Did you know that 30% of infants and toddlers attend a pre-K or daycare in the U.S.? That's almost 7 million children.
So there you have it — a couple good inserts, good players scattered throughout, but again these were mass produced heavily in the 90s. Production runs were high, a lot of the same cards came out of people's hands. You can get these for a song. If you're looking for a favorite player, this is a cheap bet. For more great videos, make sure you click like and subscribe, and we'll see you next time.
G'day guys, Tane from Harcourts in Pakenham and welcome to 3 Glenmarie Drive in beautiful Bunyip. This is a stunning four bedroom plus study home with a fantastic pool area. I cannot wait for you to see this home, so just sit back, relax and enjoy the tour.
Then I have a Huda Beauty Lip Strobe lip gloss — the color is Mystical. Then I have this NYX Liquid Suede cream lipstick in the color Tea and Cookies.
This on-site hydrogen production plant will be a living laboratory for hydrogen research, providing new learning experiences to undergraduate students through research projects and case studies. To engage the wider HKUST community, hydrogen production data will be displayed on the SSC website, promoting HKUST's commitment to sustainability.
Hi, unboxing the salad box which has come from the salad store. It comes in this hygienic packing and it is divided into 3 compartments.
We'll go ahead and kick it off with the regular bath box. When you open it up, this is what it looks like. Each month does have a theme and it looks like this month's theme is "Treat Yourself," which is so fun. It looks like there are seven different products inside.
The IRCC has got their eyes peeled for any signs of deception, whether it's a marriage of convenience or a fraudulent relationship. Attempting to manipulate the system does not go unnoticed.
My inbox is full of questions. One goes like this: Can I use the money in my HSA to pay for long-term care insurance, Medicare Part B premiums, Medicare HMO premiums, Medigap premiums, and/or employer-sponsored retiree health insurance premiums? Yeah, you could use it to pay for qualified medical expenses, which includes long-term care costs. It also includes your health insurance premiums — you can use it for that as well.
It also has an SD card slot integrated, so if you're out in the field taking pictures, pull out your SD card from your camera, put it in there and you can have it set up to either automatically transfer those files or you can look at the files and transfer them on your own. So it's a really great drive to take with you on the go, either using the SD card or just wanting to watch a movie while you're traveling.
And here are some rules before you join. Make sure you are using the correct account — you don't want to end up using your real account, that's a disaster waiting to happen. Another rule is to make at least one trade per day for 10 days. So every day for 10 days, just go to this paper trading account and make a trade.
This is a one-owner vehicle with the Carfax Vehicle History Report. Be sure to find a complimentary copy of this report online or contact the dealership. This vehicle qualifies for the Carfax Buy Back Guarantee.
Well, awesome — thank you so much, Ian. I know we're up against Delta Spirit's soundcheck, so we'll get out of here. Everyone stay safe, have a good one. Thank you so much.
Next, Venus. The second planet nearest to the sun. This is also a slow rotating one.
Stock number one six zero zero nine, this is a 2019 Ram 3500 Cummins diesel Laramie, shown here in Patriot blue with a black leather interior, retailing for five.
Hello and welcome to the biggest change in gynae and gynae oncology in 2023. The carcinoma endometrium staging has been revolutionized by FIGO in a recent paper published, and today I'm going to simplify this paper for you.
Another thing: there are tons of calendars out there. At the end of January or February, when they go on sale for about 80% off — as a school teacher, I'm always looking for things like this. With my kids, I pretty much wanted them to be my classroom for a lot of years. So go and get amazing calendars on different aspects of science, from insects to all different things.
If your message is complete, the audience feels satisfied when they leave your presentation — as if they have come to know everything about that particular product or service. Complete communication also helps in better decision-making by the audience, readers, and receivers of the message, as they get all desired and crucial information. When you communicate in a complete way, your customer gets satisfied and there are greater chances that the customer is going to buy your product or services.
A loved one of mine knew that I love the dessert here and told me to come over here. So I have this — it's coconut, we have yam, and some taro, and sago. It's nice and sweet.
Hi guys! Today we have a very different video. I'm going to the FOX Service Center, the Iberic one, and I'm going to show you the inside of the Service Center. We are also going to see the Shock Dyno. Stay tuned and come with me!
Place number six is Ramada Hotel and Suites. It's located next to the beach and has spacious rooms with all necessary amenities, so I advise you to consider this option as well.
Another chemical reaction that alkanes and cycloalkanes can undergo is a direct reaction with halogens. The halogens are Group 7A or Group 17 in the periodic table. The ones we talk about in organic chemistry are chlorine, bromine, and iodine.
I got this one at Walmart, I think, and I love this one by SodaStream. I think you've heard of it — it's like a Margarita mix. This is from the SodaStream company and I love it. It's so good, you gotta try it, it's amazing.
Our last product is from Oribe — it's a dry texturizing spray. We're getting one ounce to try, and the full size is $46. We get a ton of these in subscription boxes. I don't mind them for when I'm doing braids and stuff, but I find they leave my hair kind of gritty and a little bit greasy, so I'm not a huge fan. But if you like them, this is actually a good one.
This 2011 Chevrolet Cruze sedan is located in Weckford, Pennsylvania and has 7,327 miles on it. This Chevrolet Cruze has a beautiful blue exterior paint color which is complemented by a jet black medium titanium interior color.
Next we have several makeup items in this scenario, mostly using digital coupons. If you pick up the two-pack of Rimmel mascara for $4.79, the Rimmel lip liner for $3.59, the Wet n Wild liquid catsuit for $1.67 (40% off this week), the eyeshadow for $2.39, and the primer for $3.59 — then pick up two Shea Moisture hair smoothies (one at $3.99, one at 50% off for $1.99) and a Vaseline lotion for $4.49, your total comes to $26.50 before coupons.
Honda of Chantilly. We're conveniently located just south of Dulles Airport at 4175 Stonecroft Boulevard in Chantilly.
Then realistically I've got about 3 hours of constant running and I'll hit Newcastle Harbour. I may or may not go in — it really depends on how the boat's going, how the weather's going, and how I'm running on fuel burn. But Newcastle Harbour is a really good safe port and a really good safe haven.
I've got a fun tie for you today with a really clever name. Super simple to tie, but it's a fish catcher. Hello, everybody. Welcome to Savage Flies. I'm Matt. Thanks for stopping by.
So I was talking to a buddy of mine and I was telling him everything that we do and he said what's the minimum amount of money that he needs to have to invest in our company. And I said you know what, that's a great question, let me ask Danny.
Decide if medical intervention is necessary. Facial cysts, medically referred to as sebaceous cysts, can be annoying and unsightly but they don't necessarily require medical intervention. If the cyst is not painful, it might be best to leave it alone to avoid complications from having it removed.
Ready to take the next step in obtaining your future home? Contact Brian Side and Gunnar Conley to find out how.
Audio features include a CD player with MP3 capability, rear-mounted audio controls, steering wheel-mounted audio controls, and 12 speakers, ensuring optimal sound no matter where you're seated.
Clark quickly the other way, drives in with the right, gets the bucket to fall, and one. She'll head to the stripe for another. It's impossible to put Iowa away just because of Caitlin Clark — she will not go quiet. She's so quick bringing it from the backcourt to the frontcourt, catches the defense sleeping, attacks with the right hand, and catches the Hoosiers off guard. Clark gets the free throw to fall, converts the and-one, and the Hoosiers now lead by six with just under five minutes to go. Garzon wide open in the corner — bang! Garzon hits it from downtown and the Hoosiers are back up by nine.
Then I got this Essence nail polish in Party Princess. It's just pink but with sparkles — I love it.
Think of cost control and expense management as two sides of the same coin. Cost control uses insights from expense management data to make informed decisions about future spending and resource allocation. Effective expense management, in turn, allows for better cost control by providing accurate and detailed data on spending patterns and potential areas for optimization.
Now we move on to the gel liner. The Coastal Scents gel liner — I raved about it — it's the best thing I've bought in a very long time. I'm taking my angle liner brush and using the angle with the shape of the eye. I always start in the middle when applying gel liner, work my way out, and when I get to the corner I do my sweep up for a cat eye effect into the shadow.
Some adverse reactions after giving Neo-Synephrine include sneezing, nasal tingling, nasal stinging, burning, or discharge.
- - - - - - -
** YOUR TASK **
Your reply should consist only of the lines from the one containing "Then I got this" through the last line of the records, each reproduced exactly.

** RESULT **
Then I got this Essence nail polish in Party Princess. It's just pink but with sparkles — I love it.
Think of cost control and expense management as two sides of the same coin. Cost control uses insights from expense management data to make informed decisions about future spending and resource allocation. Effective expense management, in turn, allows for better cost control by providing accurate and detailed data on spending patterns and potential areas for optimization.
Now we move on to the gel liner. The Coastal Scents gel liner — I raved about it — it's the best thing I've bought in a very long time. I'm taking my angle liner brush and using the angle with the shape of the eye. I always start in the middle when applying gel liner, work my way out, and when I get to the corner I do my sweep up for a cat eye effect into the shadow.
Some adverse reactions after giving Neo-Synephrine include sneezing, nasal tingling, nasal stinging, burning, or discharge.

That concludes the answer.